ACTIVITY: Nothing but an exact copy is asked for: the lines in the material below from the one with "Auf einem Holzhintergrund" through the one with "Стекло двери заднее левое Киа Спортаж 2009г", pictures excluded.

DATASET RECORDS:
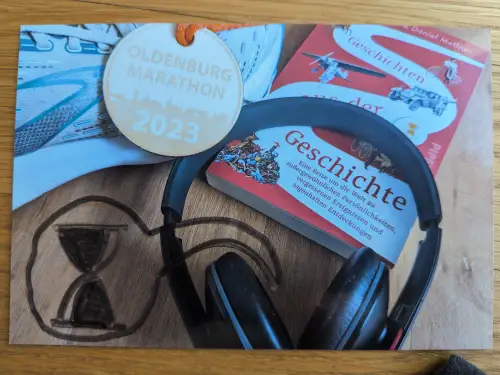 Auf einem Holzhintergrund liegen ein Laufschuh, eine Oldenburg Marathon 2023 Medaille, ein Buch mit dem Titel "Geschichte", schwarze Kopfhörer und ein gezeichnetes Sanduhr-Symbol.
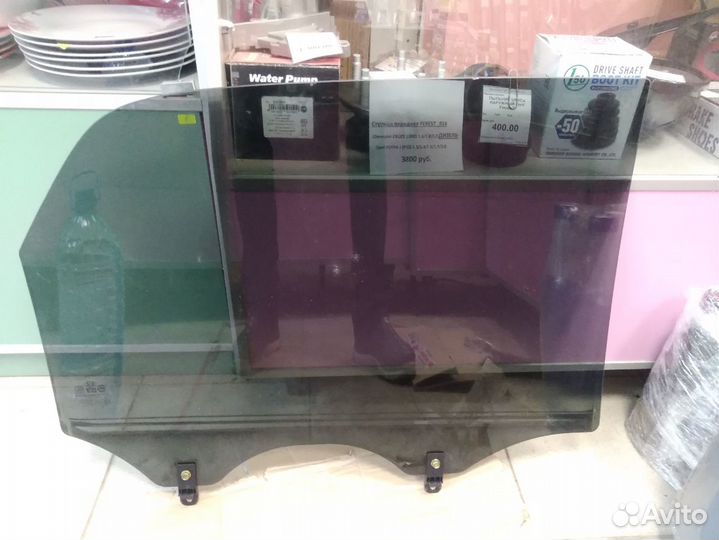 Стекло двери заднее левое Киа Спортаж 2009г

---

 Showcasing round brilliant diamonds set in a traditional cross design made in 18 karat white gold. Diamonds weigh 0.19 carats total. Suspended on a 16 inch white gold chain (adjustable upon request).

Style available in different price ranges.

---

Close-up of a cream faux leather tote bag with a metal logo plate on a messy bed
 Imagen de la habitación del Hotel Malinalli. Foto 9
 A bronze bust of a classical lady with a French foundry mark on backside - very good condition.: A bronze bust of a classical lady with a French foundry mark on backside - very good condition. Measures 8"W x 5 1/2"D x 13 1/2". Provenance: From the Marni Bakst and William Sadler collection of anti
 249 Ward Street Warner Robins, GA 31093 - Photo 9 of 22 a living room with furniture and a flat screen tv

EXERCISE OUTPUT:
 Auf einem Holzhintergrund liegen ein Laufschuh, eine Oldenburg Marathon 2023 Medaille, ein Buch mit dem Titel "Geschichte", schwarze Kopfhörer und ein gezeichnetes Sanduhr-Symbol.
 Стекло двери заднее левое Киа Спортаж 2009г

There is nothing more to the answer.